(ABOUT THIS TASK)
Reproduce the data below word for word, setting aside any picture it holds.

(INPUT DATA)
↓↓↓

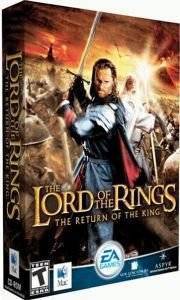 THE LORD OF THE RINGS: THE RETURN OF THE KING (MAC VERSION)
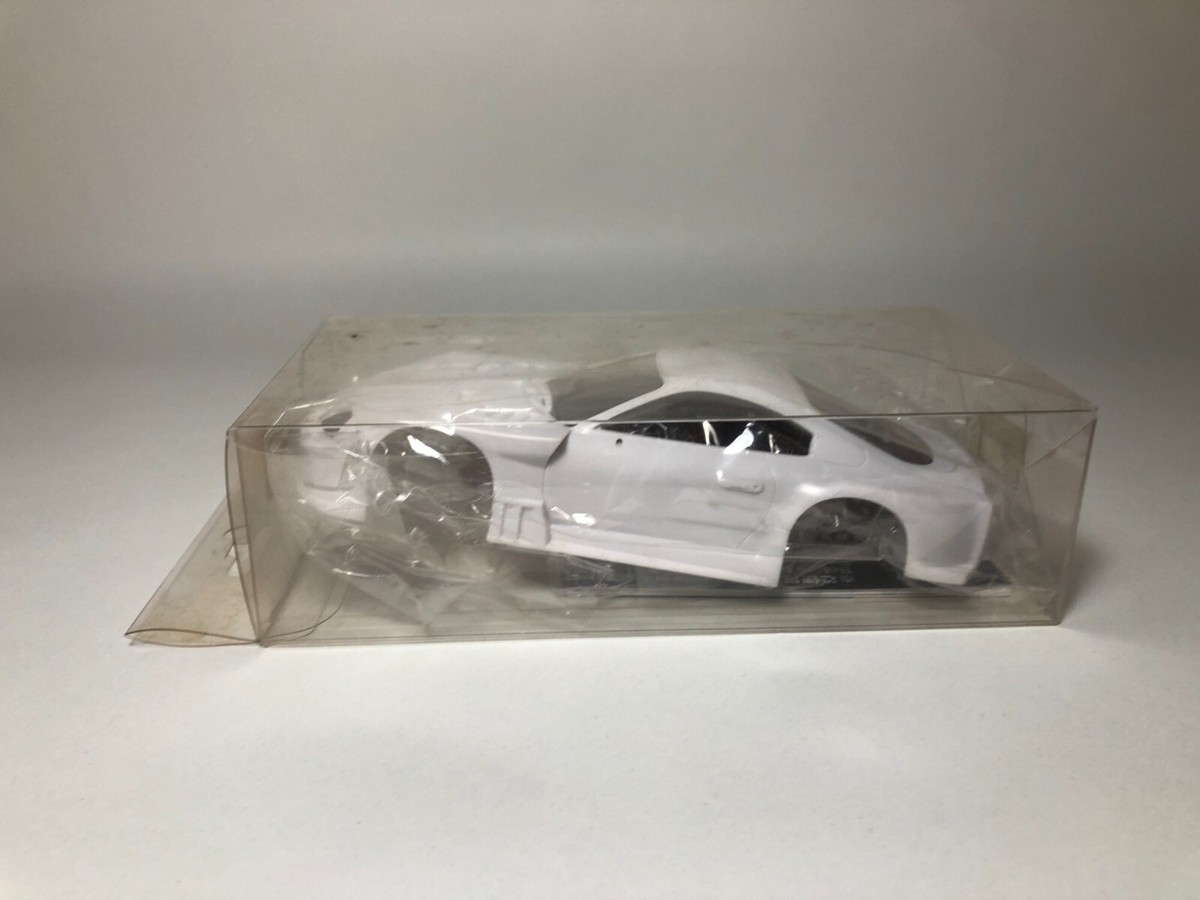 KYOSHO Mini-z TOYOTA SUPRA 2003GT White Body Set (Not Deco) MZB22
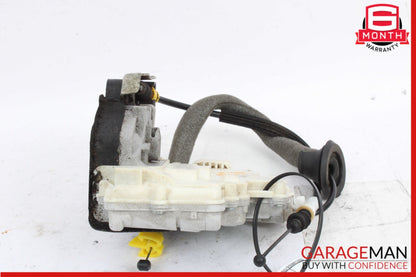 2012-2018 Audi A6 C7 Sedan Rear Left Lock Actuator 4G0839015D OEM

↑↑↑

(ANSWER TO THE PROBLEM)
 THE LORD OF THE RINGS: THE RETURN OF THE KING (MAC VERSION)
 KYOSHO Mini-z TOYOTA SUPRA 2003GT White Body Set (Not Deco) MZB22
 2012-2018 Audi A6 C7 Sedan Rear Left Lock Actuator 4G0839015D OEM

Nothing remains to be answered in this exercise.